SSIM implementation #1988

MatthiasLen · 2023-08-08T11:30:42Z

MatthiasLen
Aug 8, 2023

Hi all,

is the SSIM implementation src/torchmetrics/functional/image/ssim.py really stable ?

For Gaussian Kernel and small sigmas, e.g. sigma=0.2, we can have 2D kernel size [1,1] or 3d kernel size [1,1,1], which leads to padding values of 0, see Line 127ff

    pad_h = (gauss_kernel_size[0] - 1) // 2
    pad_w = (gauss_kernel_size[1] - 1) // 2

This on the other hand leads to degenerate tensors in Line 166 ff

    if is_3d:
        ssim_idx = ssim_idx_full_image[..., pad_h:-pad_h, pad_w:-pad_w, pad_d:-pad_d]
    else:
        ssim_idx = ssim_idx_full_image[..., pad_h:-pad_h, pad_w:-pad_w]

due to empty slicing (0:-0) and finally to NaN values in the return statement

    return ssim_idx.reshape(ssim_idx.shape[0], -1).mean(-1)

A simple solution for this would be avoiding the negative indexing , e.g. modifying the respective line in the following manner

        s = ssim_idx_full_image.shape
        ssim_idx = ssim_idx_full_image[..., pad_h:s[-3]-pad_h, pad_w:s[-2]-pad_w, pad_d:s[-1]-pad_d]

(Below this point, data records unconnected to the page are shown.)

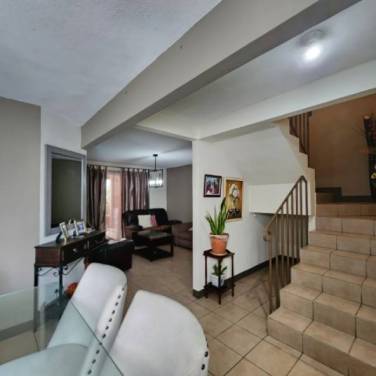 Casa y Apartamento en Venta San Cristóbal - Image 1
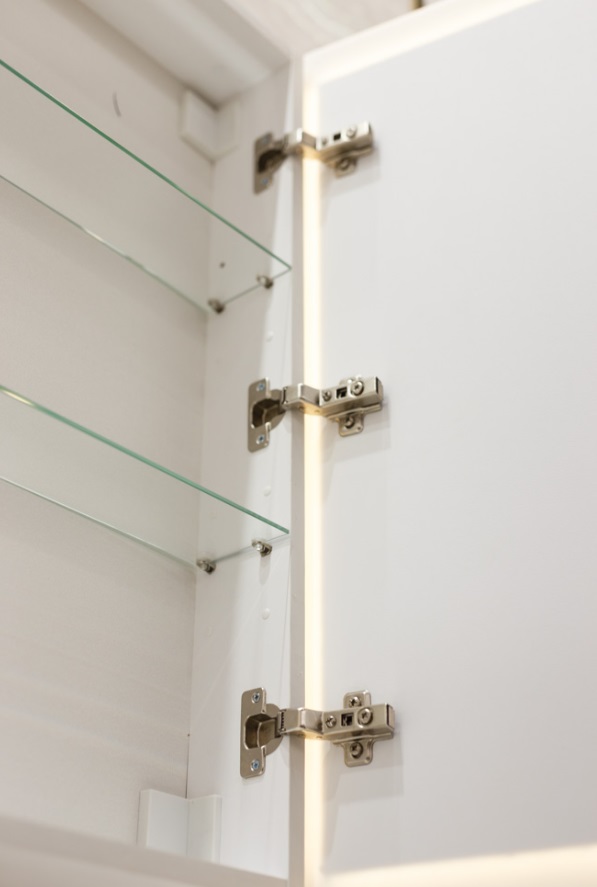 Зеркальный шкаф BelBagno SPC-MAR 50х80 с сенсорным выключателем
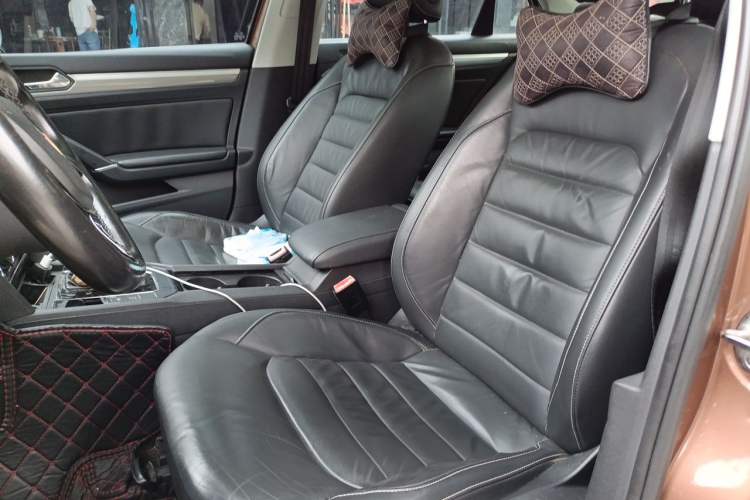 Used Volkswagen Lamando 2015 280TSI DSG Comfort Edition Left Front Seat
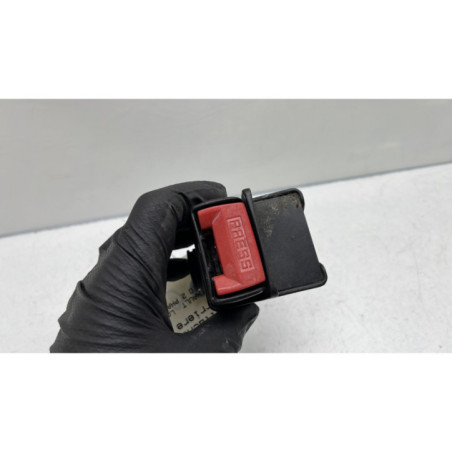 Attache ceinture arriere gauche RENAULT CLIO 2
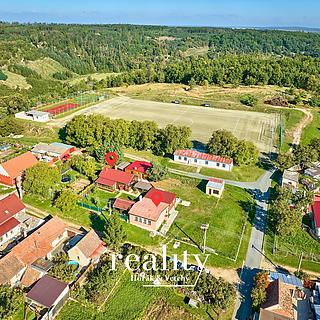 Prodej zahrady 1221 m&sup2; Tavíkovice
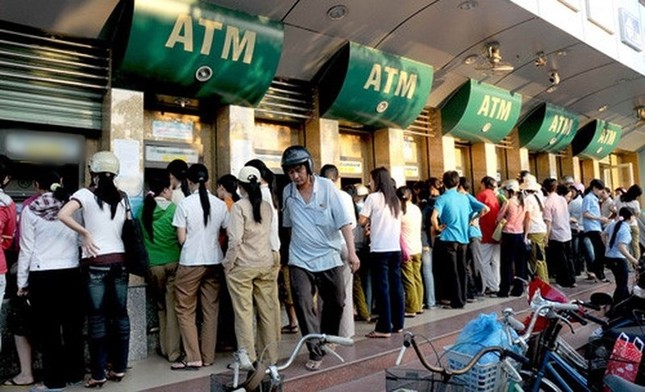 Ác mộng ngày Tết: Hàng loạt cây ATM quá tải, rút tiền không được còn bị nuốt thẻ ảnh 1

Similarly for large sigmas (i.e. large kernels) the removal of padding as implemented in Line 166ff can lead in the aforementioned setting to NaN values. A sufficient condition that it works would be for example

assert 2* pad_h < target.shape[2]
assert 2* pad_w < target.shape[3]
assert 2* pad_d < target.shape[4]

This is due to the fact that the valid convolution in Line 149 eats up the padding and afterwards a margin of size padding is again removed in Line 166 ff. Is this the intended behaviour ? In first oder, this appreas to be a complicated variant of directly applying a valid convolution to the unpadded tensor.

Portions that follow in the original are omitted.